(DATA FOR THIS TASK):
------------------------------

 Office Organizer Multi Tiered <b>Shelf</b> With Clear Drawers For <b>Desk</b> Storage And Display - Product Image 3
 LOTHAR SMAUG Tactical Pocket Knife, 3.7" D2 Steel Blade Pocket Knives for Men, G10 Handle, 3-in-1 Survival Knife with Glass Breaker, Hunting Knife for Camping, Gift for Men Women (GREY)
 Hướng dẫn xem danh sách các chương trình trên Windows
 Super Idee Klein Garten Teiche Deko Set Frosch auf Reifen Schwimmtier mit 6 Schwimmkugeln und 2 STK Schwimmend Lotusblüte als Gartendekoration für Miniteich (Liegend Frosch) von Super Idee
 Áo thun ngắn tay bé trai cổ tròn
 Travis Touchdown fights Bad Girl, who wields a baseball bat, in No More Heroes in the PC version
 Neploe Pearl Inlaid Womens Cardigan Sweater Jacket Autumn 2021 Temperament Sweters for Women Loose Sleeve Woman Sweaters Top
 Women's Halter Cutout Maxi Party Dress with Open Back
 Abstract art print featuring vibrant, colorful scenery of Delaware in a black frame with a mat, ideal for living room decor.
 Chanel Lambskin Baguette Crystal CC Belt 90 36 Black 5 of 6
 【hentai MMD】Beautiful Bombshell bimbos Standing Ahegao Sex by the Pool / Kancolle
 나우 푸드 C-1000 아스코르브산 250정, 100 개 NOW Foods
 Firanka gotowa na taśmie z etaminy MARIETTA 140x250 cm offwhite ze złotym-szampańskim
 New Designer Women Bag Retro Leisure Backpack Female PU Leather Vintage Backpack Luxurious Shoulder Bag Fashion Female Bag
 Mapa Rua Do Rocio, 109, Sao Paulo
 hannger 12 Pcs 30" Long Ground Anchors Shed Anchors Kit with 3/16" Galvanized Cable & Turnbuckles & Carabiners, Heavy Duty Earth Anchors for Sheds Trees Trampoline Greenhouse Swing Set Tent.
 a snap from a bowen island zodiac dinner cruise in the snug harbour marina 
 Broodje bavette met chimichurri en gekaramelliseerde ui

------------------------------

(EXERCISE GOAL):
The only reply wanted is the number of lines in the records above containing the word "Women".

(WRITTEN ANSWER):
4